En conclusion, l’identité du peuple Gôly (Kôdê) se révèle être un amalgame riche et dynamique de traditions baoulé et d’influences externes, notamment celle du peuple Wan. Leur histoire est celle d’une migration fondatrice et d’une intégration culturelle qui a permis au culte du Goli de devenir un pilier de leur identité, un instrument de régulation sociale et de protection spirituelle. Le Goli est un miroir de la cosmologie baoulé, un rituel complexe qui met en scène une famille de masques aux rôles distincts et symboliques. La tension apparente entre le statut social élevé des femmes baoulé et leur exclusion de certains aspects du culte du Goli illustre une structure sociale où les domaines de pouvoir féminin et masculin sont distincts mais interdépendants.

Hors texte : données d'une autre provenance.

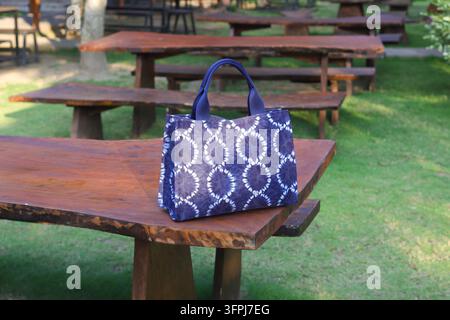 Indigo blue shoulder bag made from fabric with tie dye and shibori dyeing techniques Stock Photo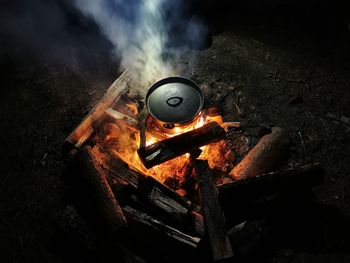 Making food in a pot on fire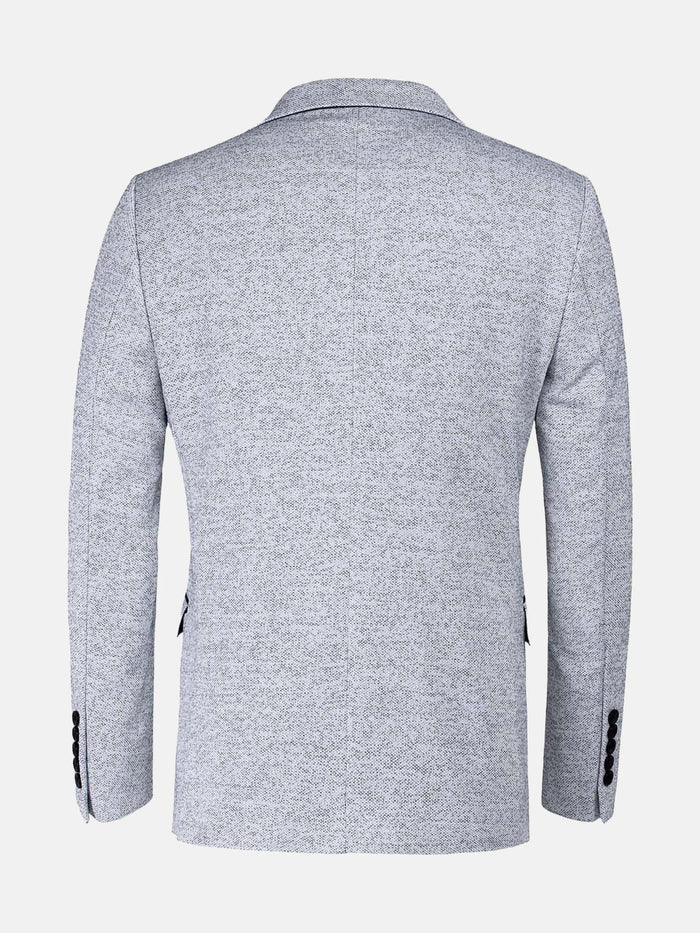 Back view of the white-navy textured blazer showing clean seams and tailored fit.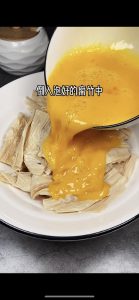 Pour the eggs over the soaked yuba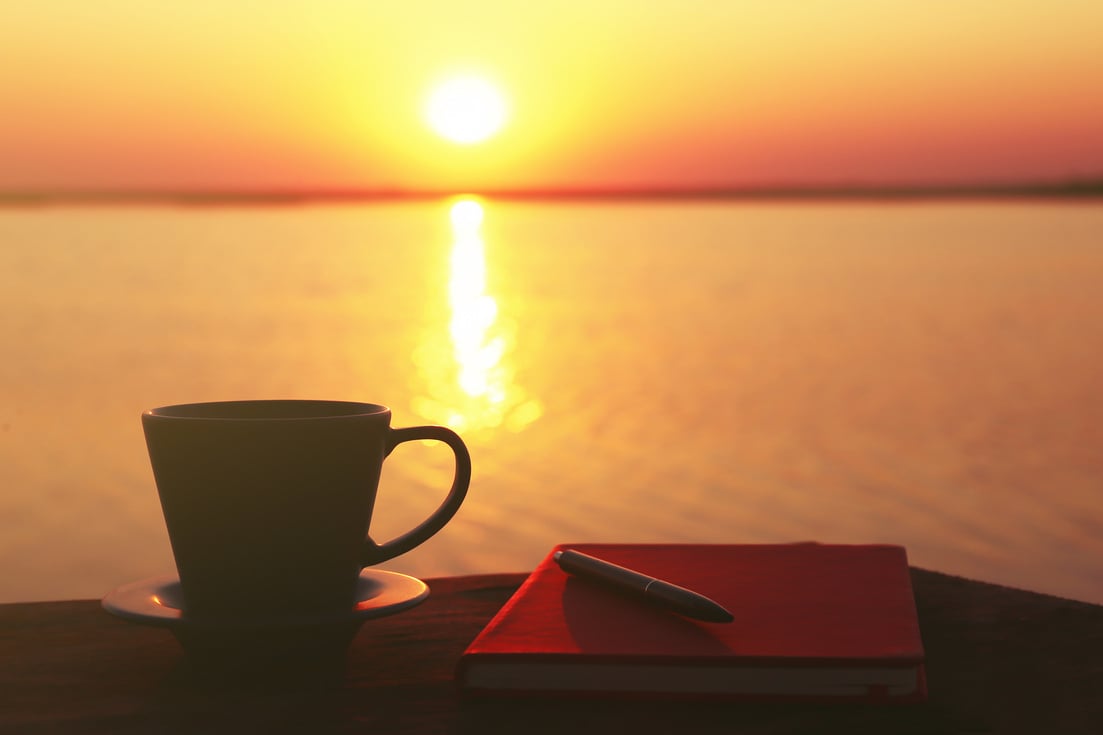 Cup of Coffee and Notebook on Sunset Background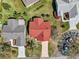 Aerial view highlighting the red roof, landscaped yard, and neighborhood, providing an overview of the property's location at 750 Evelynton Loop, The Villages, FL 32162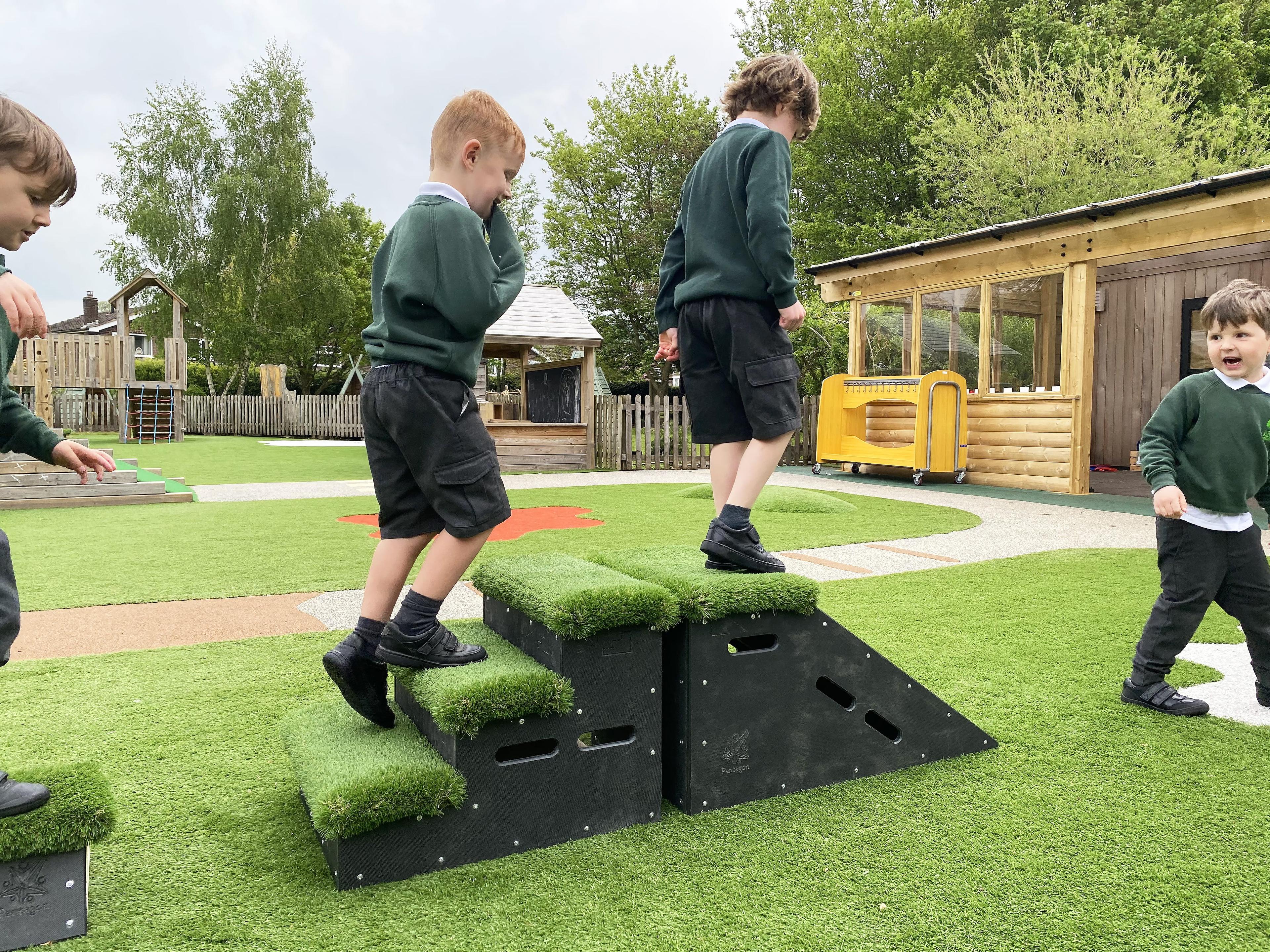 Two boys climbing up stair blocks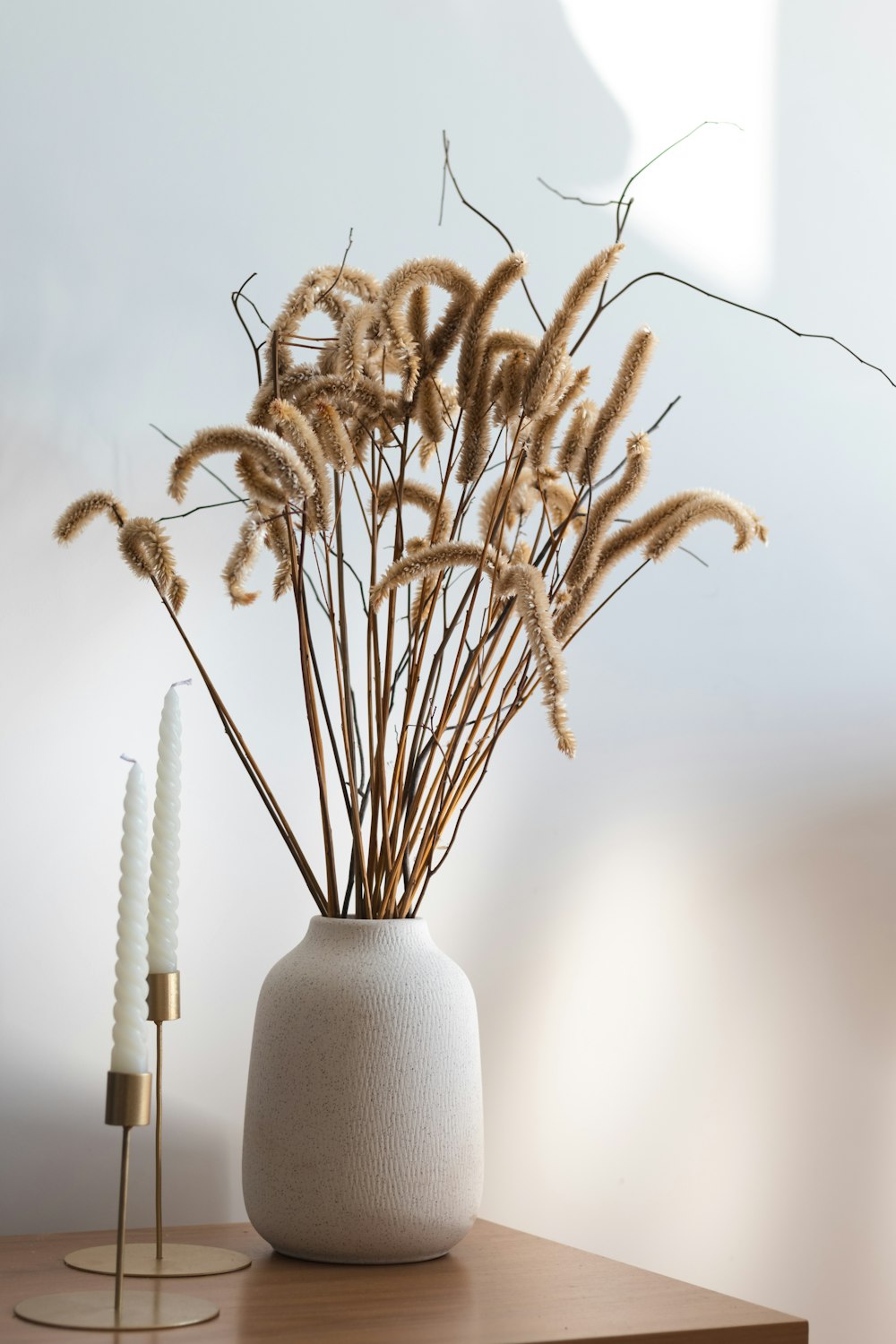 a white vase filled with dry grass on top of a wooden table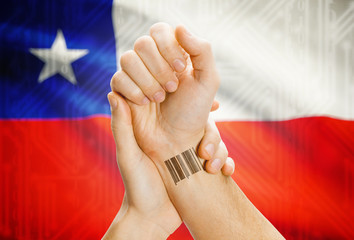 Barcode ID number on wrist and national flag on background - Chile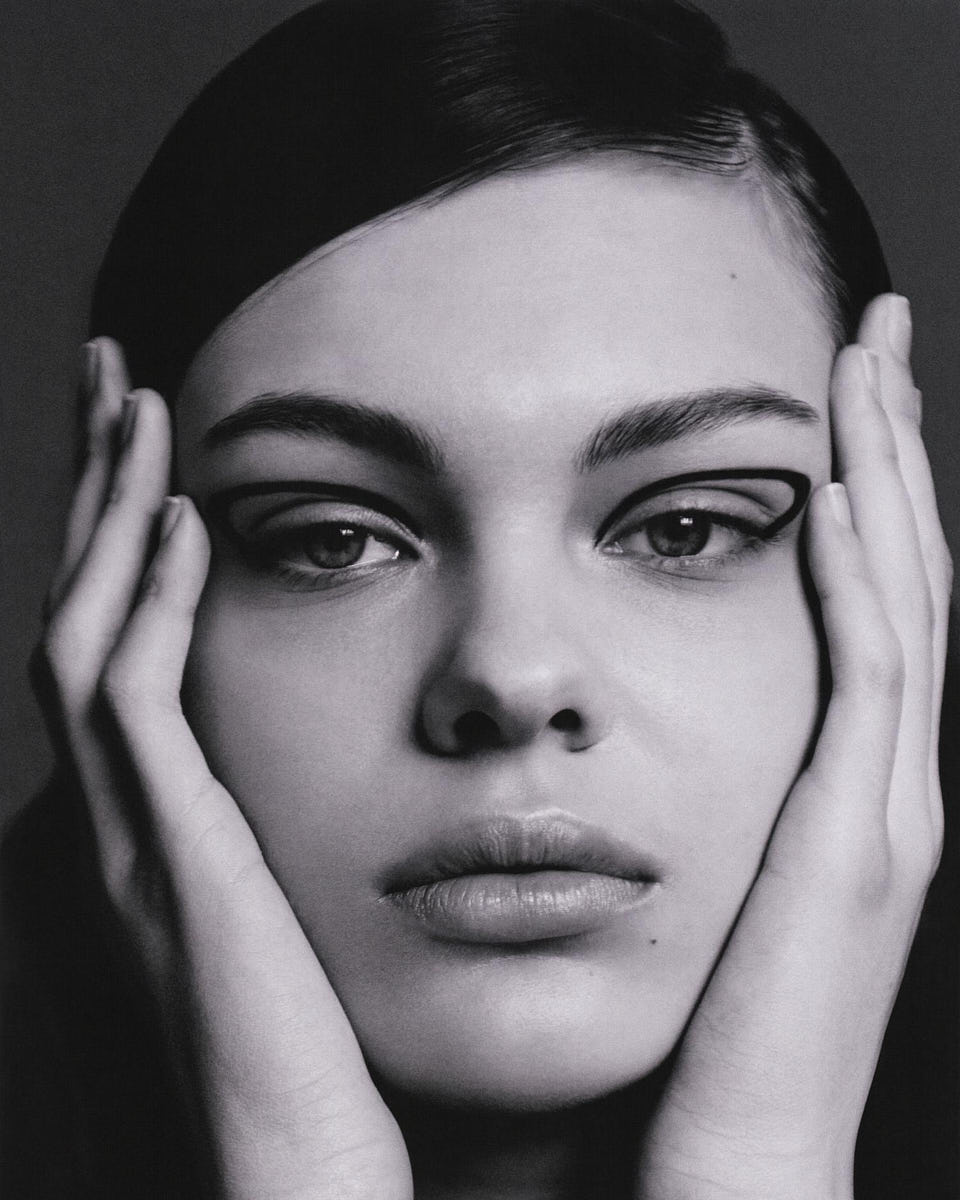 Black-and-white beauty close-up portrait with hands framing the face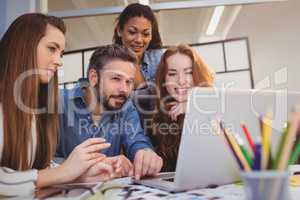 Businesswomen with male coworker using laptop at desk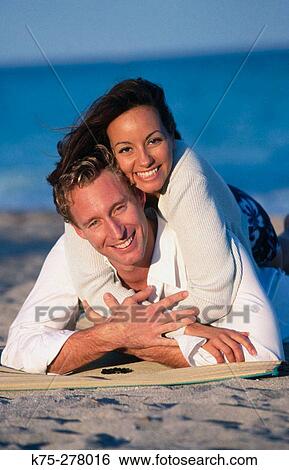 Stock Photograph - couple hugging on the beach. Fotosearch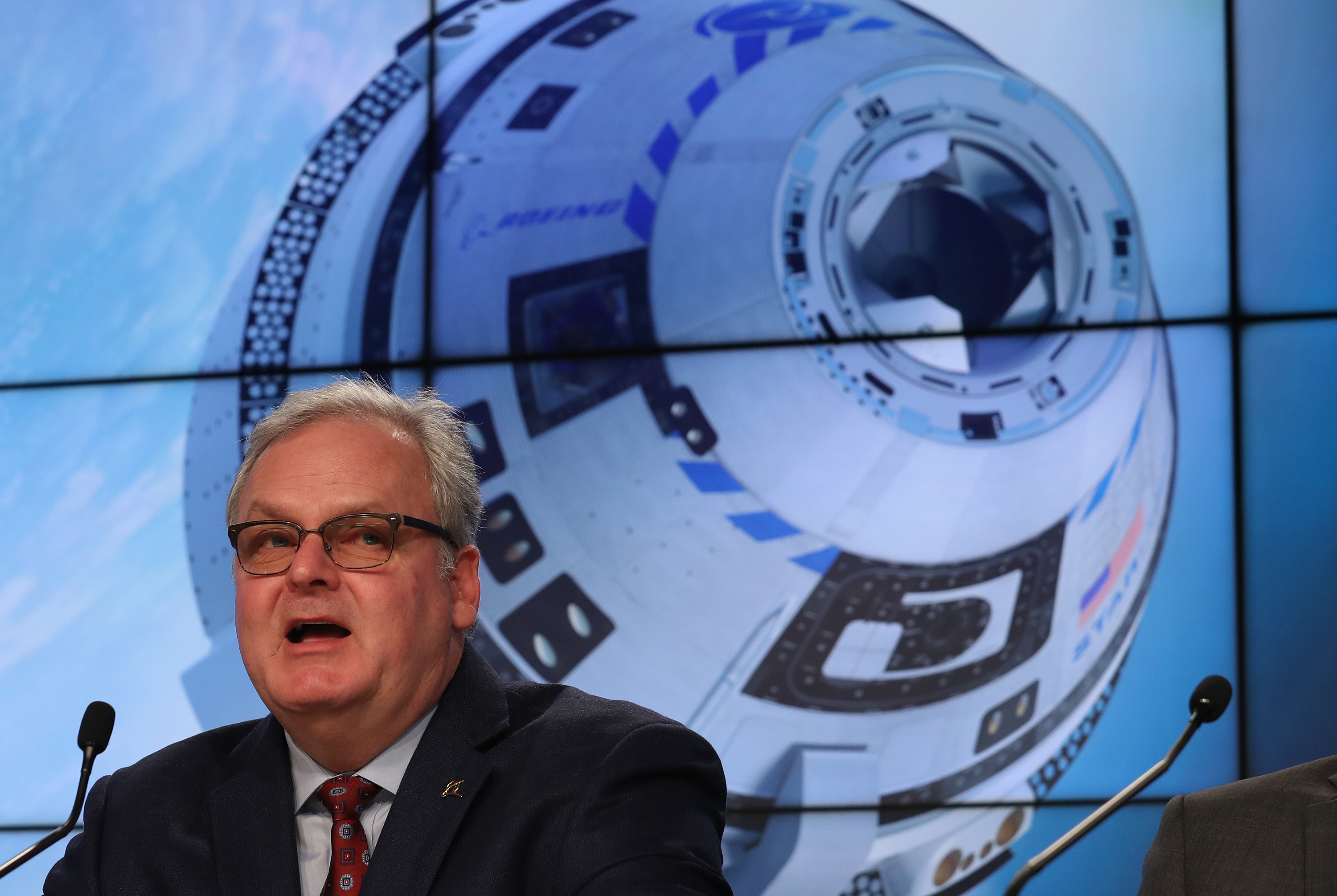 Jim Chilton, vice-président sénior de Boeing, devant une grande affiche de la capsule Starliner.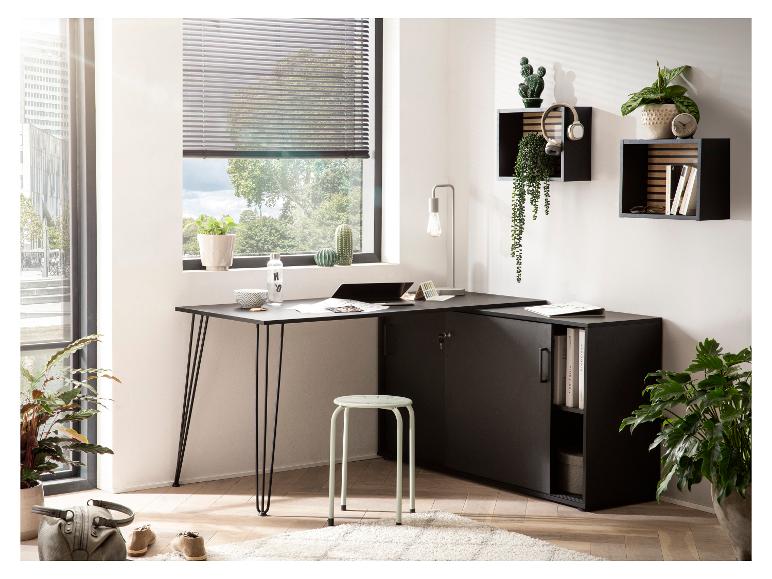 Bureau d'angle noir avec rangement, tabouret vert clair et plantes dans un bureau lumineux.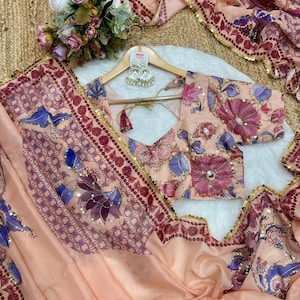 May include: A peach-colored saree and blouse set with floral and geometric patterns. The saree features a border with gold sequins and a matching blouse. The set includes a pair of silver earrings on a wooden hanger. A bouquet of flowers is also visible.
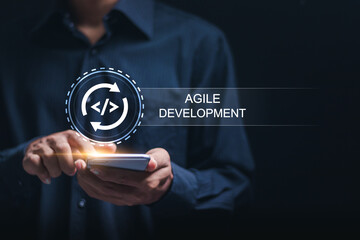 Agile development methodology, businessman use smartphone with virtual screen of agile icon for process that will help you work faster By reducing step-by-step work and focusing on team communication.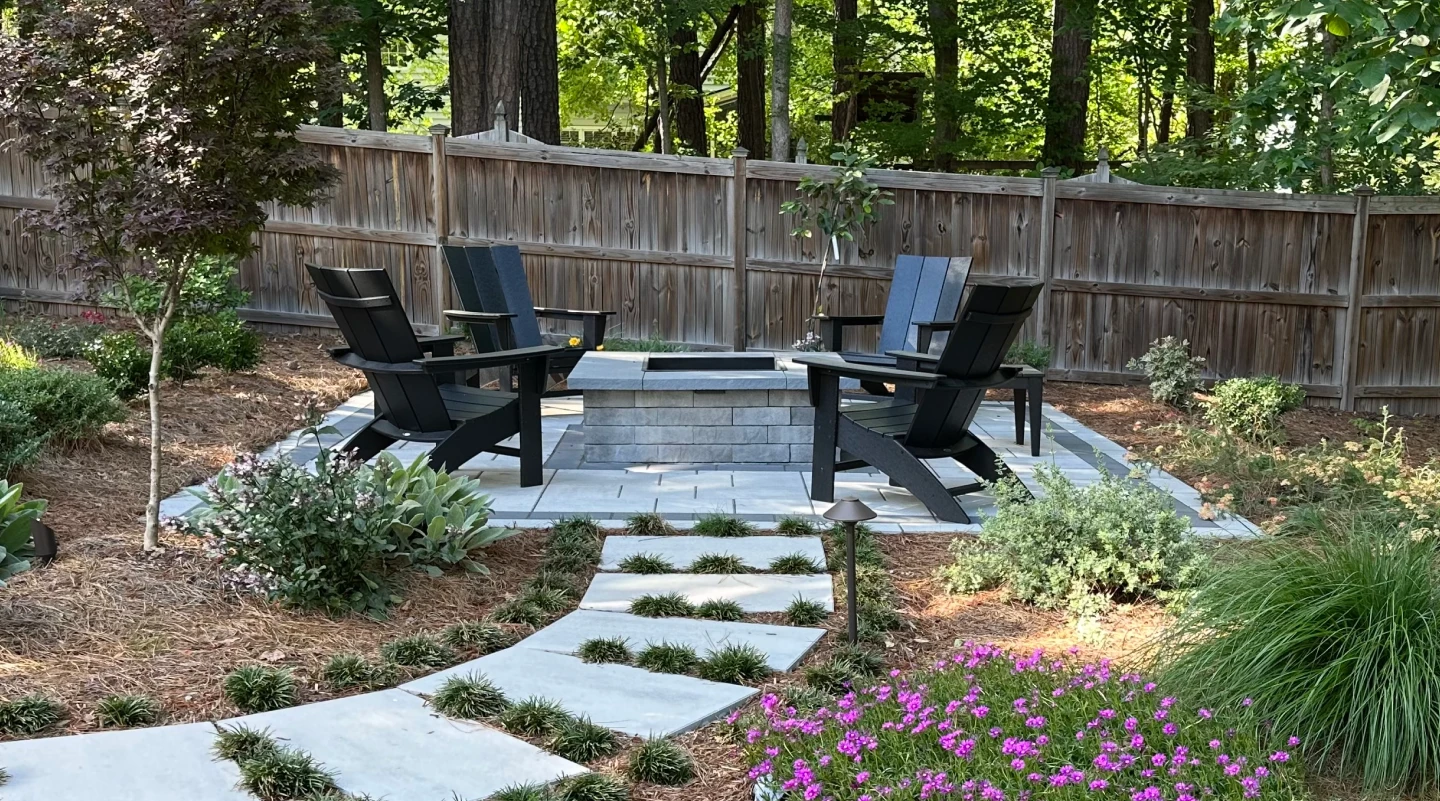 A patio set with two chairs and a table in front of a fence.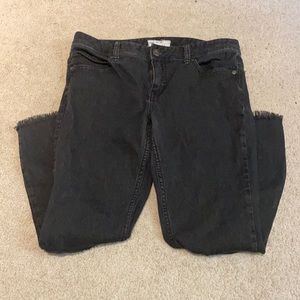 Free people - mid rise black jeans- distressed knee - great shape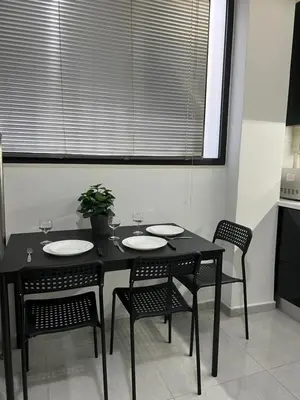 a black table and chairs with a plant on it at Thiseio Residence- Studio 55 in Athens
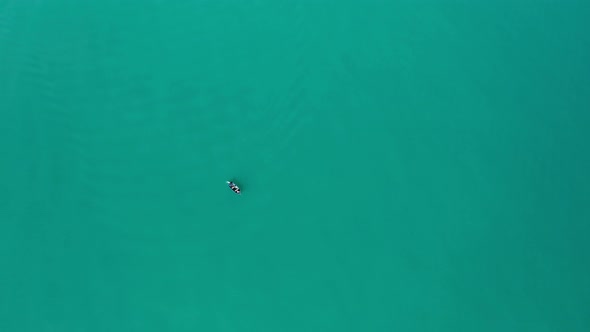 Drone flight over fishing boats in turquoise green sea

Cependant, le Goli et d’autres traditions Gôly-Baoulé font face à des menaces de disparition liées à la raréfaction des ressources naturelles et au manque de praticiens. La transformation du rituel en un spectacle touristique, bien que controversée, représente une stratégie de survie, car elle maintient la visibilité et l’intérêt pour cette culture.

Pour assurer la pérennité de ce patrimoine, des recommandations s’imposent :

  1. Encourager le dialogue intergénérationnel pour transmettre oralement et pratiquement les connaissances rituelles et artisanales aux jeunes.
  2. Soutenir les initiatives économiques et culturelles, comme l’IGP pour le pagne tissé Baoulé, qui valorisent l’artisanat local et génèrent des revenus pour les communautés.
  3. Appuyer les projets de conservation et d’archivage, notamment via les technologies numériques, pour documenter les rituels et les savoir-faire menacés.
  4. Promouvoir des projets de reboisement pour assurer la disponibilité des matières premières essentielles aux pratiques culturelles.

L’objectif final est de trouver un équilibre durable entre l’authenticité d’une tradition sacrée et les exigences de la modernité, permettant au peuple Gôly de continuer à raconter son histoire à travers ses masques et ses tissages.